Hi,
I have hundreds of word documents that i am trying to extract the text from in order to run analysis on the content. I have tried just using the MS word reader to open a .docx file but with not success so have seeked alternative workarounds to achieve this.
One of the common solutions I have come across is running a command for 7-Zip in the system caller to extract to word document into XML then load XML.
My issue is that, although the command runs fine when run directly in CMD, when run through the system caller it requires a response regarding duplicate files.

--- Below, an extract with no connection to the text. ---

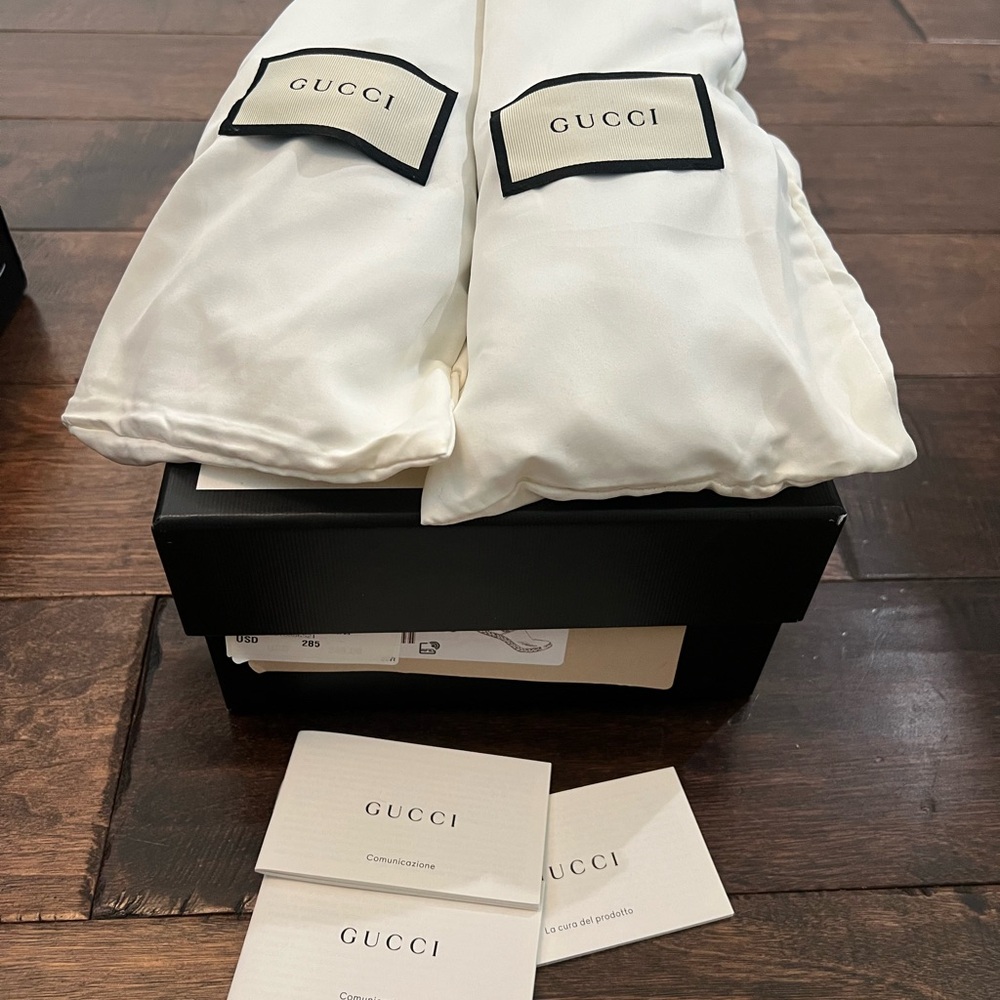 Gucci Black and Cream Canvas Espadrilles - Picture 10 of 12
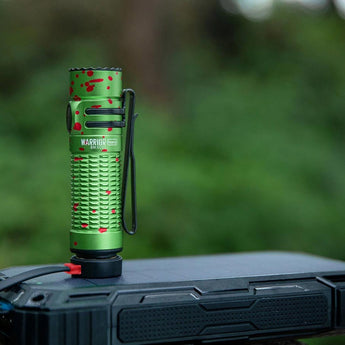 Olight Warrior Nano Rechargeable LED Flashlight - 1200 Lumens - Includes 1 x 18350 - Black or Red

“Would you like to replace the existing file:
Path: .\[Content_Types].xml
Size: 3893 bytes (4 KiB)
Modified: 1980-01-01 00:00:00
with the file from archive:
Path: [Content_Types].xml
Size: 3893 bytes (4 KiB)
Modified: 1980-01-01 00:00:00
? (Y)es / (N)o / (A)lways / (S)kip all / A(u)to rename all / (Q)uit?“
As mentioned the command prompt works fine in CMD but not through system caller.
The Command used is ““(7-zip.exe file path)” x “(.docx file path)” -o”(output folder path)””
Both the ‘.docx file path’ and ‘output folder path’ are set with attributes. so no two docx should have the same output.
Any ideas what may be causing this and how I can resolve the issue.
Thanks for the help in advance.